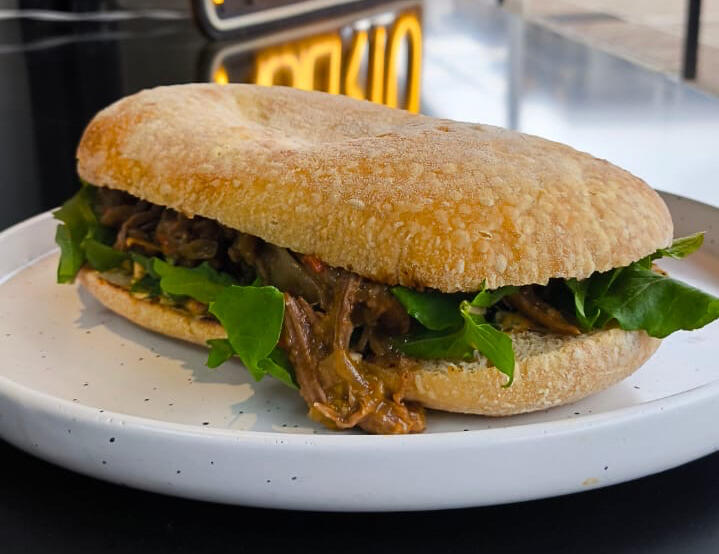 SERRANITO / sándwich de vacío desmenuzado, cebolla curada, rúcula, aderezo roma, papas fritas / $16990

* * *

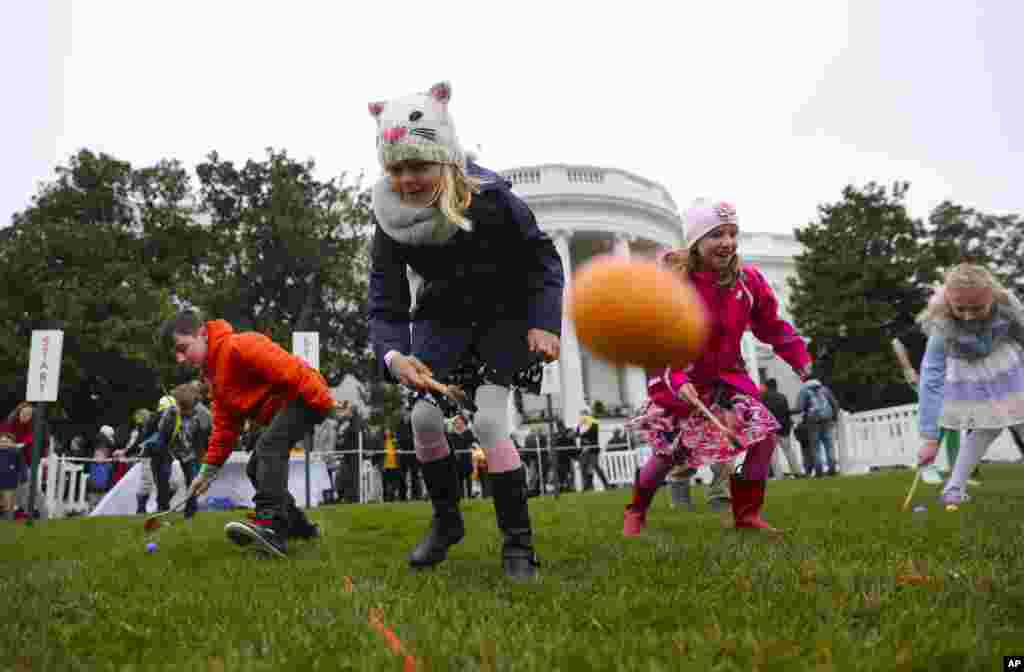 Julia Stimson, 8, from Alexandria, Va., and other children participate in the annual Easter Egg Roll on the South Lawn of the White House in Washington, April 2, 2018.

--

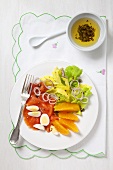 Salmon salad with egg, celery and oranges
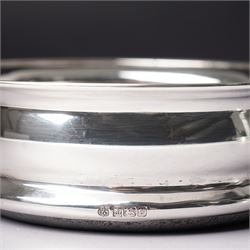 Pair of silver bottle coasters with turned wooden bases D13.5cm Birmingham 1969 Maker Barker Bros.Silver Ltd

REQUIREMENT ->
With the pictures omitted, copy the entries above exactly from the line containing "Salmon salad with egg, celery and oranges" through the line containing "Pair of silver", both lines included.

SOLUTION BELOW ->
 Salmon salad with egg, celery and oranges
 Pair of silver bottle coasters with turned wooden bases D13.5cm Birmingham 1969 Maker Barker Bros.Silver Ltd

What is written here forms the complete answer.